Cloud data company Snowflake has expanded its previously announced partnership with NVIDIA to integrate Nemo Retriever. Productive AI microservices connect large custom language models (LLMs) to enterprise data and help customers improve the performance and scalability of chatbot applications built with Snowflake Cortex.

The collaboration also includes NVIDIA TensorRT software, which provides low latency and high throughput for deep learning inference applications.

In addition to Snowflake, data platform providers Box, Dataloop, Cloudera, Coherence, DataStax, and NetApp are also using NVIDIA microservices, including the all-new NIM technology, to optimize search augmented generation (RAG) pipelines and access proprietary data published plans to support integration into productive AI.

■ MedTech Johnson & Johnson

Johnson & Johnson MedTech is collaborating with NVIDIA to test new AI capabilities for use in a connected digital ecosystem for surgery. It aims to support healthcare professionals before, after and during operations by enabling open innovation and accelerating the delivery of insights at scale and in real time.

AI is already being used to connect, analyze and predict operating room data.

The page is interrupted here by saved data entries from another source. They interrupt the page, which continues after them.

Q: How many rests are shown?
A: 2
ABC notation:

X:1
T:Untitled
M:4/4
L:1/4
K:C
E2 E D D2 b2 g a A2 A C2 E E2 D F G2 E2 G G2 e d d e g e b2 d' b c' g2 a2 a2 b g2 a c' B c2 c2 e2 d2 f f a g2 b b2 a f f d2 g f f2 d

AI is also expected to play an important role in the future of surgery by improving operating room efficiency and clinical decision making.

Johnson & Johnson MedTech supports 80% of the world’s operating rooms and trains more than 140,000 medical professionals each year through educational programs.

By combining NVIDIA’s long-standing technology and digital ecosystem in surgery with NVIDIA’s leading AI solutions, you can accelerate the infrastructure needed to deploy AI-based software applications for surgery. This includes the IGX edge computing platform and the Holoscan edge AI platform, which enable devices used in the operating room to be processed securely and in real time, providing clinical insights and improving surgical outcomes.

This technology can also facilitate the use of third-party models and applications developed across the digital surgery ecosystem by providing a common AI computing platform.

(Image = Nvidia)

■ Apple

Apple announced that it will implement NVIDIA Omnibus Enterprise Digital Twin based on OpenUSD in ‘Vision Pro’. A new software framework built on top of the Omnibus Cloud API, or API, enables developers to easily transfer Open USD industry views from content creation applications to the NVIDIA Graphics Delivery Network (GDN).

GDN is a global network of graphics-capable data centers that can stream advanced 3D experiences to Apple Vision Pro.

In a demo unveiled at GTC, NVIDIA showed off a physically accurate, interactive digital twin of a car streamed in full fidelity to Apple’s Vision Pro high-resolution display.

■ TSMC and Summary

NVIDIA announced support for the NVIDIA computational lithography platform at TSMC and Synopsis. As a result, TSMC and Synopsis have laid the groundwork to accelerate the manufacturing of next-generation cutting-edge semiconductor chips and overcome the limitations of current manufacturing technology.

Foundry company TSMC and semiconductor design company Synopsis have integrated NVIDIA cuLitho into software, manufacturing processes and systems to accelerate semiconductor chip manufacturing, and plan to support next-generation NVIDIA Blackwell architecture GPUs in the future.

NVIDIA also introduced a new generative AI algorithm that powers cuResource, a library for GPU-accelerated computational lithography. Through this, the semiconductor manufacturing process has been dramatically improved compared to the current CPU-based method.

■ Mellon Bank of New York

Bank of New York Mellon announced that it was the first global bank to build a DGX SuperPOD with the DGX H100 system. The system includes dozens of DGX systems, InfiniBand networking, and is based on the DGX Superpod reference architecture. As a result, Bank of New York Mellon said it will be able to experience computer processing performance it could not experience before.

Based on the new system, Bank of New York Mellon plans to use NVIDIA AI enterprise software to support building and deploying AI applications and managing AI infrastructure.